Hoping this is the right place for this, if not, apologies. This might be a long one, but as a first post here, I'm trying to follow the rules and provide as much detail as is relevant/possible.
I'm not an incredibly experienced network admin, but was recently tasked with replacing our infrastructures core switch (A single WS-C3750X-24 ) with two 93180YC-FXs in a VPC configuration.
I was only assigned to this after the hardware had already been decided on and purchased and have since been communicating with the team that sold us the equipment in an attempt to make this work.
The intention was to have a redundant connection between this VPC domain and two Meraki MX400's (in HA using VRRP/Warm Standby/Active/Passive/Whatnot) acting as an gateway to our ISP - however I found that the Mx400's do not support LACP, which killed that idea shortly after. (LACP being a requirement to participate in connecting to a VPC as a member port, to my understanding.)
In an attempt to salvage the redundancy, it was suggested by our partner that we rely on spanning tree to properly block a portion of the connections between all four devices, with each uplink being an orphan port in the VPC.
It was discovered shortly after this that the MX400s do not actively participate in spanning tree - not having a lot of experience in this level of networking, it appears that they pass BPDUs but do not participate in the election process? (I'm sure this is incorrect to some level, but having trouble determining details.)
At this point, we decided to move forward with the replacement, but to only provide a single Nexus 9k with an uplink to the two MX400s at this time. This was an attempt to see if spanning tree from the switch could properly deal with the potential loop Between MXA, MXB, and 9kA.
This is where things got a bit odd.
I could see PVST+/RST frames coming across the LAN 2 port on the MX400-A and B, but both ports on the Nexus 9k were still listed as BKN* under a "show spanning-tree".

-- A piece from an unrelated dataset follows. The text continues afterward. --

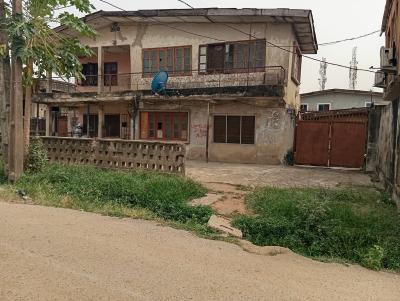 Full Plot of Land with Tenament Storey Building, Off Demurin Road By Pako Bus Stop, Ketu, Lagos, Residential Land for Sale
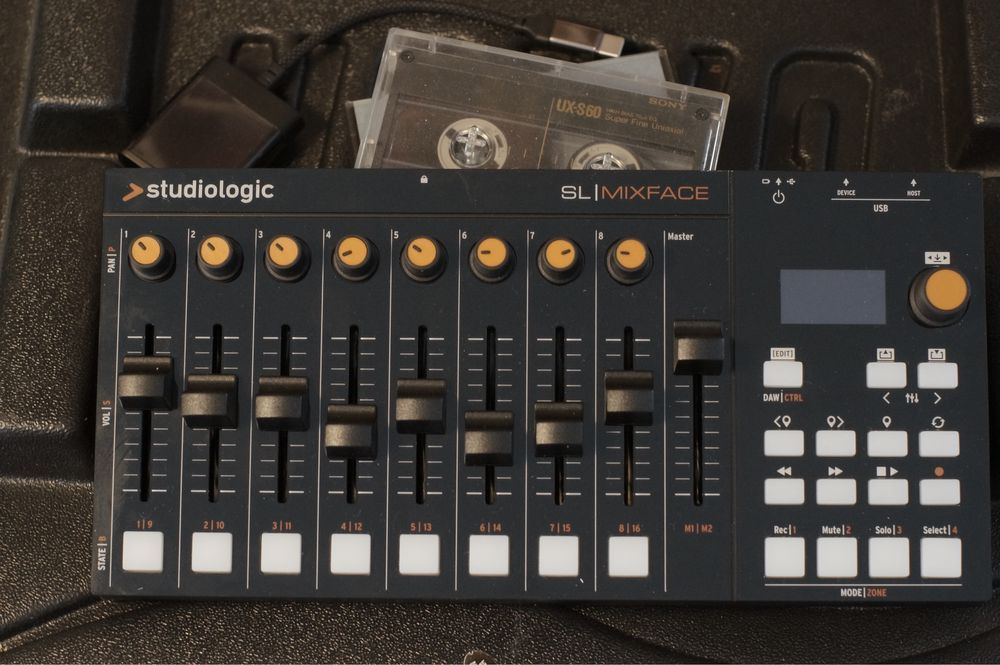 MIDI bluetooth mixer Studiologic SL mixface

So we trimmed everything back to just a single link between the MX400-A and the Nexus 9300-A.
At this point, connectivity was still not up and the same spanning tree frames were showing up in a packet capture off of the MX400's LAN port and the Nexus 9k port still shown as broken.
During all of this, the VPC keep-alive and peer links were up and functioning, but not applied. (Just noting in case it's relevant)

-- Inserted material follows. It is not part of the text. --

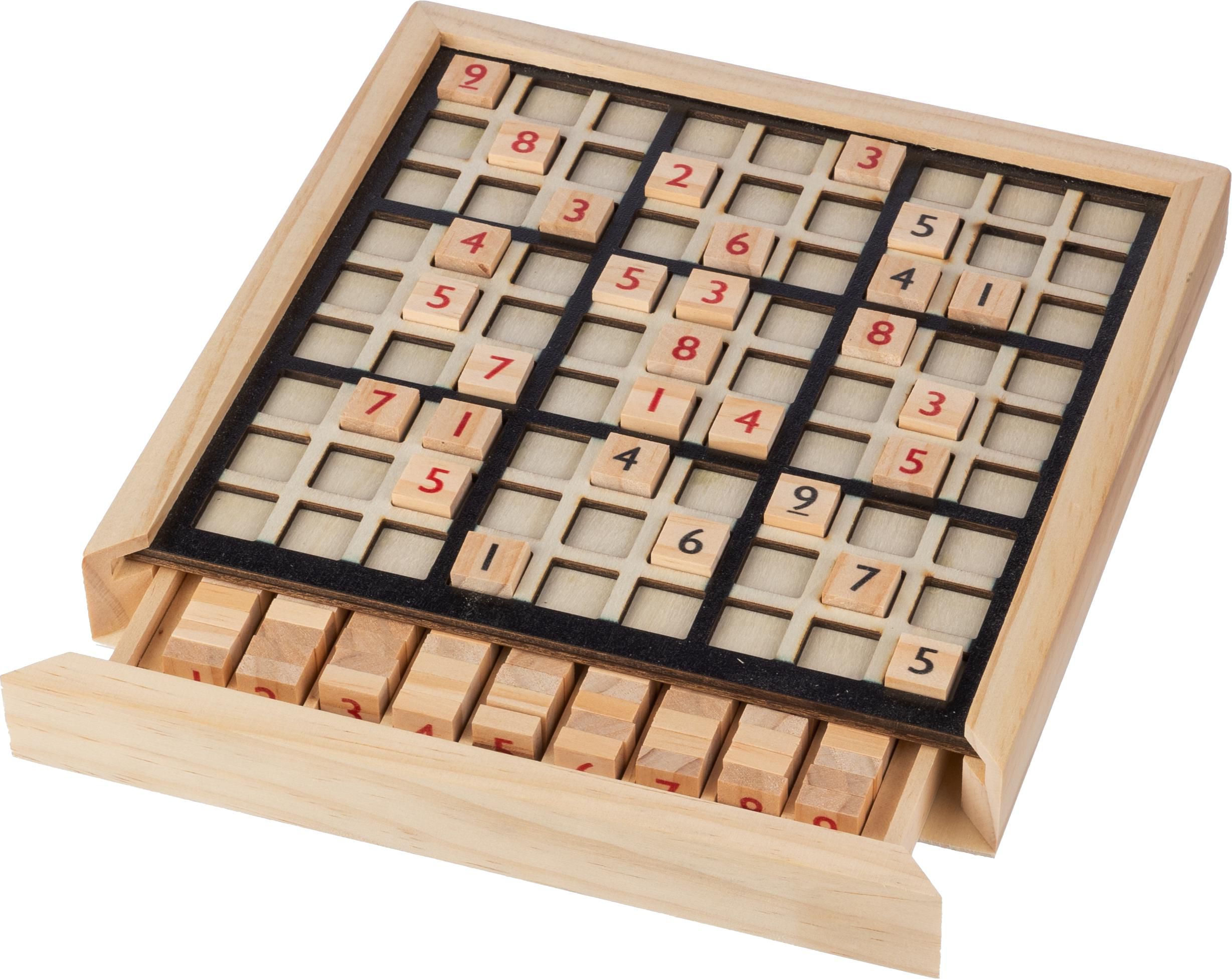 Jeu de sudoku Christa | Bois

"spanning-tree vlan [vlan-ids] root primary" was used to try and ensure that the switch was set as the root bridge.
Since this was my first attempt working with an NX-OS device, I'm sure it's something in the STP options on the 9300 that I'm missing, but I'm having trouble narrowing down what to do with these switches to make this uplink possible.

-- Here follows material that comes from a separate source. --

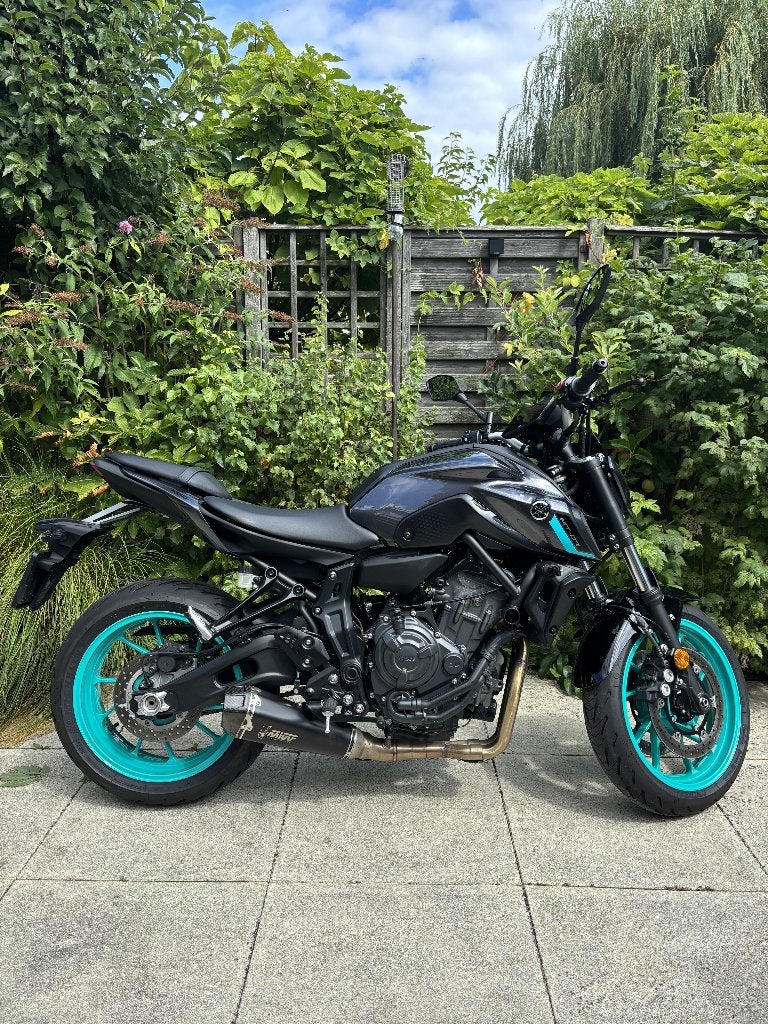 Yamaha MT-07 2024, A2 35KW...NIEUWSTAAT!!, Motoren, Occasion, 3 cilinders, Particulier, Minimaal motorrijbewijs A2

Copying some portions of the config below -
interface Ethernet1/47
description **Datacenter MX A**
switchport mode trunk
spanning-tree port type normal
no shutdown
interface Ethernet1/48
description **Datacenter MX B**
switchport mode trunk
spanning-tree port type normal
no shutdown
Core_9300_A# show spanning-tree summary
Switch is in rapid-pvst mode
L2 Gateway STP is disabled
Port Type Default is network
Edge Port [PortFast] BPDU Guard Default is disabled
Edge Port [PortFast] BPDU Filter Default is disabled
Bridge Assurance is enabled
Loopguard Default is disabled
Pathcost method used is short
STP-Lite is disabled
At the moment everything has been rolled back to the 3750, so I'm unable to gather live information for troubleshooting any further.
Are there any other portions of the nx-os config that may help with troubleshooting before attempting another migration?
If anyone can offer any assistance or insight into this on either the Meraki MX or Nexus side it would be greatly appreciated.